### INPUT RECORDS
────────────────────────────────────────

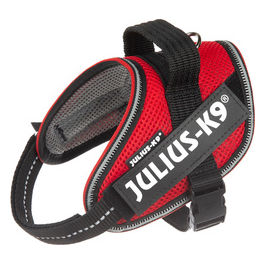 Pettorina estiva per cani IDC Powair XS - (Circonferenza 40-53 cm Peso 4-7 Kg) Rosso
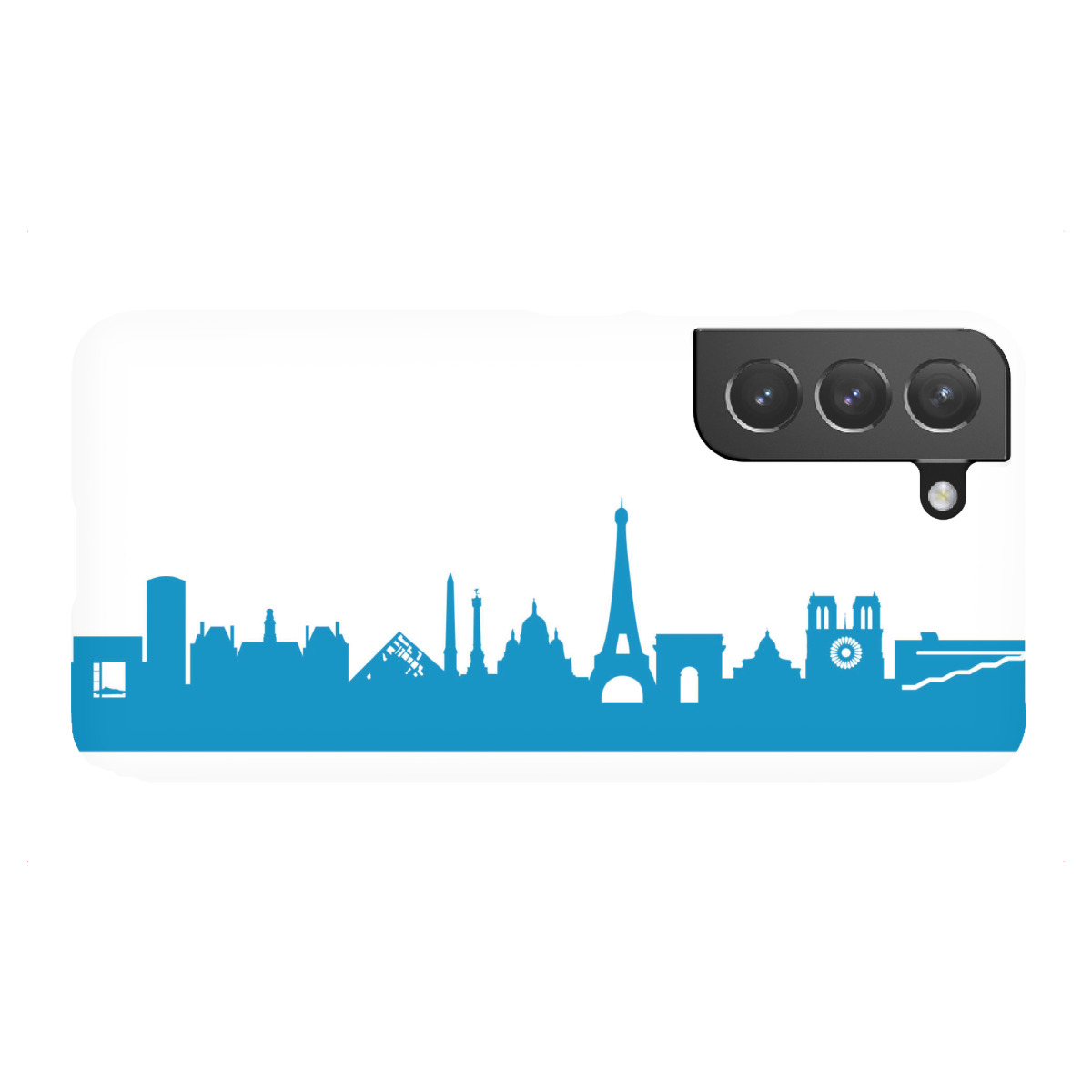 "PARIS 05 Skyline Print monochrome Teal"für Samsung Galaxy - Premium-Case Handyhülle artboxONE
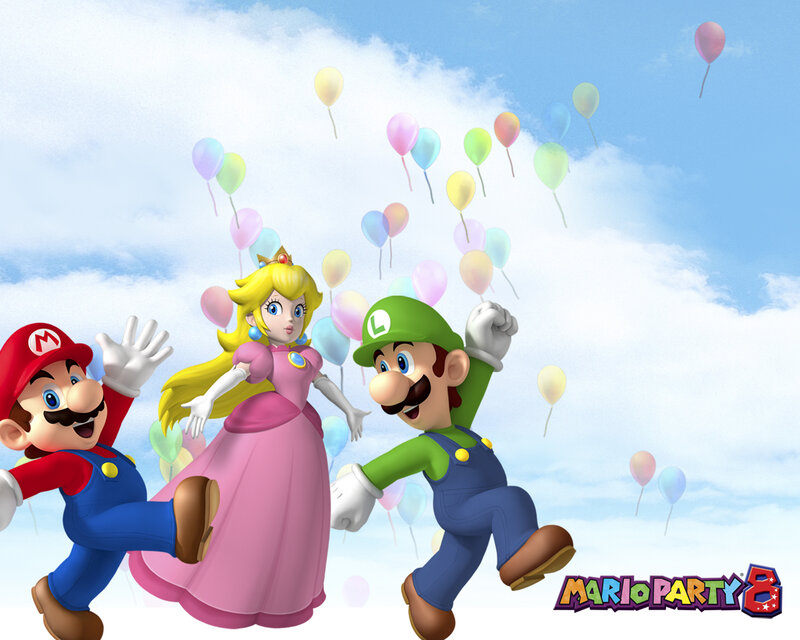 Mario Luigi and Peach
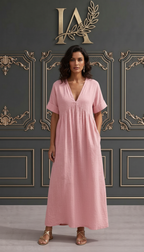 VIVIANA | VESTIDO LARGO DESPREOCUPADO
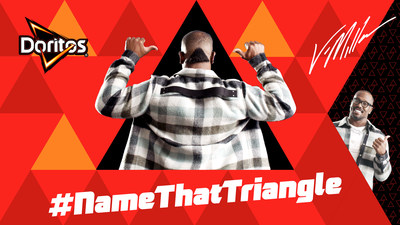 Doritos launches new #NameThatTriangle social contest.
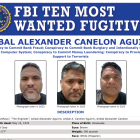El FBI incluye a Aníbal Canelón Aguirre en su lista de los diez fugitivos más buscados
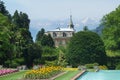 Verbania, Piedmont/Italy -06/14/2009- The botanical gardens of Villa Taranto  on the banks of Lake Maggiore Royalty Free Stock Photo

────────────────────────────────────────

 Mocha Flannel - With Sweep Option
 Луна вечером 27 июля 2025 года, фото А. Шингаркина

────────────────────────────────────────

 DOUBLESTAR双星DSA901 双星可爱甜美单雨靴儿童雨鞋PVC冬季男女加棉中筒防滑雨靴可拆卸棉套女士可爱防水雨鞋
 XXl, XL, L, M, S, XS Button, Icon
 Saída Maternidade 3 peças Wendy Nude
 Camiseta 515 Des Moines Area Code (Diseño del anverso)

────────────────────────────────────────

### REQUIREMENT
Transcribe, exactly and without additions, the lines of the records above, beginning with the line that contains "DOUBLESTAR双星DS" and ending with the line that contains "Camiseta 515 Des", both included.

### WRITTEN SOLUTION
 DOUBLESTAR双星DSA901 双星可爱甜美单雨靴儿童雨鞋PVC冬季男女加棉中筒防滑雨靴可拆卸棉套女士可爱防水雨鞋
 XXl, XL, L, M, S, XS Button, Icon
 Saída Maternidade 3 peças Wendy Nude
 Camiseta 515 Des Moines Area Code (Diseño del anverso)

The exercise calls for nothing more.